__Task to carry out__: Locate and copy each line in the data that contains the word "Wedding".

__Source records__:
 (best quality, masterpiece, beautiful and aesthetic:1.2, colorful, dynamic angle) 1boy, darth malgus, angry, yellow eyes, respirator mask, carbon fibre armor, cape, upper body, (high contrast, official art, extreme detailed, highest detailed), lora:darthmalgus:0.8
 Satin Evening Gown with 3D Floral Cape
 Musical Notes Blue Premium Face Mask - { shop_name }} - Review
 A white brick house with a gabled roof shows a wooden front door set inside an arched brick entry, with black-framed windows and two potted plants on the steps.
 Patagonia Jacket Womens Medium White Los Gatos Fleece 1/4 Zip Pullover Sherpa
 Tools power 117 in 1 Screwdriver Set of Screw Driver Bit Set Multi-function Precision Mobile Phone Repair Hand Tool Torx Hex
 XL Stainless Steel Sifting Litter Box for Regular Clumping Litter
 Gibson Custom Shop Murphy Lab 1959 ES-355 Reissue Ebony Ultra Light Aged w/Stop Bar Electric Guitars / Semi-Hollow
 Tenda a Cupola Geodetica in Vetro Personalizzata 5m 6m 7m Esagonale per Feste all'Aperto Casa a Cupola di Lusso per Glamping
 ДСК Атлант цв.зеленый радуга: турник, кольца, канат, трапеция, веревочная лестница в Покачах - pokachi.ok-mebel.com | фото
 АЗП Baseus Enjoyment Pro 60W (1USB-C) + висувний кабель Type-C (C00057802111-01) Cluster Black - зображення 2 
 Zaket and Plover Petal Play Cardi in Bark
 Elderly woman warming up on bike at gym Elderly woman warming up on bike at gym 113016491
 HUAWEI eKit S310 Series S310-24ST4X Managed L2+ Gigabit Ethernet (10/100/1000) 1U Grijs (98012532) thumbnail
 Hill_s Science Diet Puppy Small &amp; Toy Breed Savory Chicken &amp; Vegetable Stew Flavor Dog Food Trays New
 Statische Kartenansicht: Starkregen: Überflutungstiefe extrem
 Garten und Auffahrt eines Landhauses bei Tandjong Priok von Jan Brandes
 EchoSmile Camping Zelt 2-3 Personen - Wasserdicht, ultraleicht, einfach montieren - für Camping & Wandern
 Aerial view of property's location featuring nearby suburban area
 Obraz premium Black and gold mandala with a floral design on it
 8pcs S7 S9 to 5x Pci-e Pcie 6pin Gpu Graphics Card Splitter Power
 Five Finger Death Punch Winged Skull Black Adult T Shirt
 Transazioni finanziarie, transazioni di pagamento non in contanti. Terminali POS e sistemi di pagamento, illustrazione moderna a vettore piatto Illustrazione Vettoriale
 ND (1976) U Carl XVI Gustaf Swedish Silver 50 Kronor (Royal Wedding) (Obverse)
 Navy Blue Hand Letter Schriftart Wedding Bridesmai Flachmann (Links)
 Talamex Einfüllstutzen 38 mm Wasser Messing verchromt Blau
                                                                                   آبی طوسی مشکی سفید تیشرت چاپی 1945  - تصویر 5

__Result of the exercise__:
 ND (1976) U Carl XVI Gustaf Swedish Silver 50 Kronor (Royal Wedding) (Obverse)
 Navy Blue Hand Letter Schriftart Wedding Bridesmai Flachmann (Links)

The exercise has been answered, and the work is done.